> _Task directions_: The lines to repeat are those below from the one containing "Apartamentos Aegean White Home" down to the one containing "HUMMEL Topflight Pro", both included; reproduce them exactly and nothing else.

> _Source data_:

■ ■ ■ ■

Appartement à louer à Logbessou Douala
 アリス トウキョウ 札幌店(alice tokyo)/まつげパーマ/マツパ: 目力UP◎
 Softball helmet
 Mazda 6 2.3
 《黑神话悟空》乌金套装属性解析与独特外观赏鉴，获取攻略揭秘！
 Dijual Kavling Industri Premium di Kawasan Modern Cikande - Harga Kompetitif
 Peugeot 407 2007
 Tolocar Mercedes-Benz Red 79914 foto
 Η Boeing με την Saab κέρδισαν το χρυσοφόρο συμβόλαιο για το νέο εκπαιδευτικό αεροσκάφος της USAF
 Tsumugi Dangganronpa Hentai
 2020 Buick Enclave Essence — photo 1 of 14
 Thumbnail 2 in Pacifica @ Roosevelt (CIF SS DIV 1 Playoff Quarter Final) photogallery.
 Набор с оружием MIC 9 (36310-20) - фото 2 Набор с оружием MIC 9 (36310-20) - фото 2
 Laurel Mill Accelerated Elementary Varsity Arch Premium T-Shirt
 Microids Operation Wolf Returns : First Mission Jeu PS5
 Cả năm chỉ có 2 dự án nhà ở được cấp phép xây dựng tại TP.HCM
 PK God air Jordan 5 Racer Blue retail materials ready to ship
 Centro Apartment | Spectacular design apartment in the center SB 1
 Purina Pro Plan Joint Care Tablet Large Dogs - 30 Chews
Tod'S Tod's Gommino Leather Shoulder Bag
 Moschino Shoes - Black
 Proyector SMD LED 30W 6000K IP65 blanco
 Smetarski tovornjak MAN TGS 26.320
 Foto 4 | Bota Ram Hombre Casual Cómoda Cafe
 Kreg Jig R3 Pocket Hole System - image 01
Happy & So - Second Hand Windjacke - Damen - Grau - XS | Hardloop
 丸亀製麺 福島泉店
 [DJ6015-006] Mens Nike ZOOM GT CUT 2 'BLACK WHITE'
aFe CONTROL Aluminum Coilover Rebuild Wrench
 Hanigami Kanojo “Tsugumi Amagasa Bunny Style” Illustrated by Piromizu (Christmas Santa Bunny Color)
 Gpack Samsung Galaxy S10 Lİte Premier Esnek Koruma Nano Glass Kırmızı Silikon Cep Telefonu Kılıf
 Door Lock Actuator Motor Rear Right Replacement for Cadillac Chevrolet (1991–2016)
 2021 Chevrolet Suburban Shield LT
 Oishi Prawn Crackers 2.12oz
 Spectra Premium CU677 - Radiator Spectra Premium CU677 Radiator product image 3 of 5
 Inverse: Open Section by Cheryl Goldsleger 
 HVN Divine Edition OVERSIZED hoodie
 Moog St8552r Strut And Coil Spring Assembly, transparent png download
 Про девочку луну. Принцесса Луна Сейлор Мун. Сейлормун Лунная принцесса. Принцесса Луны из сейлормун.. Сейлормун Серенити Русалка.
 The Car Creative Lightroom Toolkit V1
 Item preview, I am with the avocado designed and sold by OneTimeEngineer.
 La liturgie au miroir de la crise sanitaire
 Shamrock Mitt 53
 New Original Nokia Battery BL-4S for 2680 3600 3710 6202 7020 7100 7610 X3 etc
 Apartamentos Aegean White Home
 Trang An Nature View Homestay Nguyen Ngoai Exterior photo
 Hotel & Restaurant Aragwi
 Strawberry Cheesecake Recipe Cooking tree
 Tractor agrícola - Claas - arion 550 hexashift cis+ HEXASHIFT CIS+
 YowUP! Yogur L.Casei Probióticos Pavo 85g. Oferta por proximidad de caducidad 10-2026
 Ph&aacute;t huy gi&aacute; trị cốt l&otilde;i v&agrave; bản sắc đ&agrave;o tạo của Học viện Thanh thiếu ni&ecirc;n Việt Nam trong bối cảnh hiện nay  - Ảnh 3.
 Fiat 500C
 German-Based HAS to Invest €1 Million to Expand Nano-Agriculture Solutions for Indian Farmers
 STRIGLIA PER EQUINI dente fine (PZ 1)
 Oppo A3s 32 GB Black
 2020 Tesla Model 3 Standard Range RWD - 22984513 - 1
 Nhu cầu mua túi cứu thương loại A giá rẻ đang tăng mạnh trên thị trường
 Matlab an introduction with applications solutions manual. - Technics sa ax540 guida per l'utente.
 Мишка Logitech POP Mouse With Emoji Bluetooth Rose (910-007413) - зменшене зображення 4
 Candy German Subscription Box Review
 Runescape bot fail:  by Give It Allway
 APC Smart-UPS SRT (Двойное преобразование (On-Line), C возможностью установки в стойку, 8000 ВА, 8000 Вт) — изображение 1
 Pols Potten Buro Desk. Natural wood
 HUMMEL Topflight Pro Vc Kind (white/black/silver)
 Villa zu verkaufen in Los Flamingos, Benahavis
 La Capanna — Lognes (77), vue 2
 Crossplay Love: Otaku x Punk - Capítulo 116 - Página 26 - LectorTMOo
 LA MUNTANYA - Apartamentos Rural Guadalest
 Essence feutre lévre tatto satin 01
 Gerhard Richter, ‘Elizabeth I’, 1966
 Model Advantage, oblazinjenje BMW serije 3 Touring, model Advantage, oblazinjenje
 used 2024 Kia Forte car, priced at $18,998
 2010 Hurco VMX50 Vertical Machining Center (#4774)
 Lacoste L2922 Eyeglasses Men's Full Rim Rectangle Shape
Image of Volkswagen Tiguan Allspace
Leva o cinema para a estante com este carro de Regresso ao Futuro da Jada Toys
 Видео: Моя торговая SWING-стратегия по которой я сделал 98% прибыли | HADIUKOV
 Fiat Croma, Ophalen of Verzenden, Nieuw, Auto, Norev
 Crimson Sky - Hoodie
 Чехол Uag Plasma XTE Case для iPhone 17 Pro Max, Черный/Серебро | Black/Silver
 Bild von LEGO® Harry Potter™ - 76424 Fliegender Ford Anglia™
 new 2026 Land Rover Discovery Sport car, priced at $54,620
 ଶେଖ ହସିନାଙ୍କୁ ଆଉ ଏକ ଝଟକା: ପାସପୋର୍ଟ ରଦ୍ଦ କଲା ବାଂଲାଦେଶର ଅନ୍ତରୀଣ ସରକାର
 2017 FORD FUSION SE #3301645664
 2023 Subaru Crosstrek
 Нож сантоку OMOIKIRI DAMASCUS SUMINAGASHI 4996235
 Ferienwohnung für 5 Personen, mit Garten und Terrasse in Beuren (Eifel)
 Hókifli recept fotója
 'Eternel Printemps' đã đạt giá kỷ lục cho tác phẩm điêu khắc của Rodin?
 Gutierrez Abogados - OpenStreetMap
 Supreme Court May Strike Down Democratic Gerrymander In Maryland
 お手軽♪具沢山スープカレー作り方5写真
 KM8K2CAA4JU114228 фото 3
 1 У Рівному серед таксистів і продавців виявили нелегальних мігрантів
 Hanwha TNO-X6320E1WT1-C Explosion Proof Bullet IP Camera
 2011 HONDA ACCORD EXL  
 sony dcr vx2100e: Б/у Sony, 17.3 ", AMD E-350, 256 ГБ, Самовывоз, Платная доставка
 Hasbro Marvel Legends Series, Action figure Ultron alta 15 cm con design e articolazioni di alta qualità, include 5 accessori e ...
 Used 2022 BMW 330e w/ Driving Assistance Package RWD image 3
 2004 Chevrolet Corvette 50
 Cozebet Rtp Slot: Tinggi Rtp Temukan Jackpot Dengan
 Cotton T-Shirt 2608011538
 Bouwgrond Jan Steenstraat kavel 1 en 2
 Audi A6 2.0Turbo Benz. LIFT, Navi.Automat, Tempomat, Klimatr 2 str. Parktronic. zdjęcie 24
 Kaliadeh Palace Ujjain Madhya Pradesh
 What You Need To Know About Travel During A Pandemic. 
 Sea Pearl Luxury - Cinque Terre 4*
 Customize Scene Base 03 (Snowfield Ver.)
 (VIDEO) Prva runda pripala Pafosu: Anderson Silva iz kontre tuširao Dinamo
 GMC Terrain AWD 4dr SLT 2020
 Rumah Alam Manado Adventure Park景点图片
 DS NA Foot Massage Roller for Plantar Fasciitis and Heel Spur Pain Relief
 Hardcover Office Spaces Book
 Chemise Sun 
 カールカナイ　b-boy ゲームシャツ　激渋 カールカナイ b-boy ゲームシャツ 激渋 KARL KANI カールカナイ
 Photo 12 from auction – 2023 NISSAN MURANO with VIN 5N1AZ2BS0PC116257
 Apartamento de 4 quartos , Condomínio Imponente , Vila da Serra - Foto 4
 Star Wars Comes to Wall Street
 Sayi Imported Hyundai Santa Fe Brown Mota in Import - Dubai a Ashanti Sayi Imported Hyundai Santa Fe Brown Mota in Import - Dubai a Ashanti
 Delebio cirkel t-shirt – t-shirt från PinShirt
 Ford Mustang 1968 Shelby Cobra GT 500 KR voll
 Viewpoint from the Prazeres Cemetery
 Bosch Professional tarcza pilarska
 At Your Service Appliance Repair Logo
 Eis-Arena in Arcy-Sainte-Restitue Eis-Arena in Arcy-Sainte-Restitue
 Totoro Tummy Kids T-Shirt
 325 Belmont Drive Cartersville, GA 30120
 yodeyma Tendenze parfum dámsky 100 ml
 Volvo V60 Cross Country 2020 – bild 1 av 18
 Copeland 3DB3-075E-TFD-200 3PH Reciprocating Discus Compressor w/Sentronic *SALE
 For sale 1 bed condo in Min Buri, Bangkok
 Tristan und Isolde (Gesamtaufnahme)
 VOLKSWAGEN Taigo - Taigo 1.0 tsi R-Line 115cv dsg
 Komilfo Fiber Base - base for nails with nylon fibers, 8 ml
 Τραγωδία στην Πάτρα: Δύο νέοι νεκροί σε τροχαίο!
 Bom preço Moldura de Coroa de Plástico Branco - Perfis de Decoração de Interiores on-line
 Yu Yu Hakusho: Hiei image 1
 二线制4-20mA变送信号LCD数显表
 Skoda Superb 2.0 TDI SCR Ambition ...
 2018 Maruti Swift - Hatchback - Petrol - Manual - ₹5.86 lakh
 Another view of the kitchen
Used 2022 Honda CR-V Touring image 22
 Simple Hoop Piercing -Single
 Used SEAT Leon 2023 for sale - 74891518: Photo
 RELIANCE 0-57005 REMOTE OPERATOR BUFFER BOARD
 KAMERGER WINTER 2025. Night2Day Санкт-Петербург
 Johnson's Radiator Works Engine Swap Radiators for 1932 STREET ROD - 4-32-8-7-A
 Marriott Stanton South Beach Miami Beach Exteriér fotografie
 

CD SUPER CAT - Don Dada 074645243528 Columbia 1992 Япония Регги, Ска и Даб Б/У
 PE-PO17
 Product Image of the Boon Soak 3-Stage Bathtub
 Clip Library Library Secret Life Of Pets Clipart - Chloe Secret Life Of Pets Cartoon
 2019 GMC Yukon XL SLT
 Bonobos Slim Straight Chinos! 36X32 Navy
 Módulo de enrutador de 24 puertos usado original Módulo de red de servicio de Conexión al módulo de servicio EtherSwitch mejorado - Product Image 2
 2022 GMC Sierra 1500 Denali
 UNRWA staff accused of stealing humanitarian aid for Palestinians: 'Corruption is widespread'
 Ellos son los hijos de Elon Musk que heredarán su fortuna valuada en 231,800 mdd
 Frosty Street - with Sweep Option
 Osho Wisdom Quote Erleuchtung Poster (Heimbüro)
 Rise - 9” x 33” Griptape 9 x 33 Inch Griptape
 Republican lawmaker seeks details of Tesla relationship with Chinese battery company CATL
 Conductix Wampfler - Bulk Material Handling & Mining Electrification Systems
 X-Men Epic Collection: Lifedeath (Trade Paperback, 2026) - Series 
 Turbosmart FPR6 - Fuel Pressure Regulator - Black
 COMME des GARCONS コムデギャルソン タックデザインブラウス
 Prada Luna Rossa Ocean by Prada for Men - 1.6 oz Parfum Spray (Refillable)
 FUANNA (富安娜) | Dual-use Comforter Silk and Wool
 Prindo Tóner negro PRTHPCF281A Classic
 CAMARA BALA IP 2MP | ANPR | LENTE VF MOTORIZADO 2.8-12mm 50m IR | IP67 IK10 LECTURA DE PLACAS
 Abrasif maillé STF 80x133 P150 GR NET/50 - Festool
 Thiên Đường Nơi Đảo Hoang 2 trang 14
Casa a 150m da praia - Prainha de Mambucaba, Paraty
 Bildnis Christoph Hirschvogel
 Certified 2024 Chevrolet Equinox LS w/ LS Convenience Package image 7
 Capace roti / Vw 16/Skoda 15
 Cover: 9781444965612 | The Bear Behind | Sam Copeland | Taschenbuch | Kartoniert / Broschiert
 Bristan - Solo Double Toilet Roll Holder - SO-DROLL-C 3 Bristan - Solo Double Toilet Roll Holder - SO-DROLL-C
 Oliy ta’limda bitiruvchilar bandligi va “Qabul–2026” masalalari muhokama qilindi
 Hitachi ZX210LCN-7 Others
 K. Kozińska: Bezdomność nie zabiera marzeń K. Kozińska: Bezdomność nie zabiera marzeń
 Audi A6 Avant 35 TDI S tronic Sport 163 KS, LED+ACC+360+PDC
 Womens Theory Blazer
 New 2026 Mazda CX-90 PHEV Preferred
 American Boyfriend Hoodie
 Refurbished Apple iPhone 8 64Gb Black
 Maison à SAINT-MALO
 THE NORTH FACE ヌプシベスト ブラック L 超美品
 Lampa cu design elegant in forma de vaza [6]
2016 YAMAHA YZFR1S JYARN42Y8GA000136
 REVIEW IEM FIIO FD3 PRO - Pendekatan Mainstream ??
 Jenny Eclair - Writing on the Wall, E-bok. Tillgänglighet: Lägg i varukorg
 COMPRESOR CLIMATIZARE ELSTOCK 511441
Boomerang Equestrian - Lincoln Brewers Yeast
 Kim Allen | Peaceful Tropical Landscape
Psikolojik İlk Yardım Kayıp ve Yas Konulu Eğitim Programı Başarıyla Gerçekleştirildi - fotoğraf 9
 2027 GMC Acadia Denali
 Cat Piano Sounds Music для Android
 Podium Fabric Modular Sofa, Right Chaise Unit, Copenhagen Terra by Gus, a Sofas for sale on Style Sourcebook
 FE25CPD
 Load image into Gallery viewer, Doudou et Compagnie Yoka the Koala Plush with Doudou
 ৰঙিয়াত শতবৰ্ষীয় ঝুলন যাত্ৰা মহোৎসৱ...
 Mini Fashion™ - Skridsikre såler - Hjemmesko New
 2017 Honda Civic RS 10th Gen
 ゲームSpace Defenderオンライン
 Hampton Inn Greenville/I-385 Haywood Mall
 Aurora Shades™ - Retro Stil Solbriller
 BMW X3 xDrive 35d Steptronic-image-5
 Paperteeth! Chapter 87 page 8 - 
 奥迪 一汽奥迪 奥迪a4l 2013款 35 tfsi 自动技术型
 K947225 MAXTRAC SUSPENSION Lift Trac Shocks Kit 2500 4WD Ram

■ ■ ■ ■

> _Solution to this task_:
 Apartamentos Aegean White Home
 Trang An Nature View Homestay Nguyen Ngoai Exterior photo
 Hotel & Restaurant Aragwi
 Strawberry Cheesecake Recipe Cooking tree
 Tractor agrícola - Claas - arion 550 hexashift cis+ HEXASHIFT CIS+
 YowUP! Yogur L.Casei Probióticos Pavo 85g. Oferta por proximidad de caducidad 10-2026
 Ph&aacute;t huy gi&aacute; trị cốt l&otilde;i v&agrave; bản sắc đ&agrave;o tạo của Học viện Thanh thiếu ni&ecirc;n Việt Nam trong bối cảnh hiện nay  - Ảnh 3.
 Fiat 500C
 German-Based HAS to Invest €1 Million to Expand Nano-Agriculture Solutions for Indian Farmers
 STRIGLIA PER EQUINI dente fine (PZ 1)
 Oppo A3s 32 GB Black
 2020 Tesla Model 3 Standard Range RWD - 22984513 - 1
 Nhu cầu mua túi cứu thương loại A giá rẻ đang tăng mạnh trên thị trường
 Matlab an introduction with applications solutions manual. - Technics sa ax540 guida per l'utente.
 Мишка Logitech POP Mouse With Emoji Bluetooth Rose (910-007413) - зменшене зображення 4
 Candy German Subscription Box Review
 Runescape bot fail:  by Give It Allway
 APC Smart-UPS SRT (Двойное преобразование (On-Line), C возможностью установки в стойку, 8000 ВА, 8000 Вт) — изображение 1
 Pols Potten Buro Desk. Natural wood
 HUMMEL Topflight Pro Vc Kind (white/black/silver)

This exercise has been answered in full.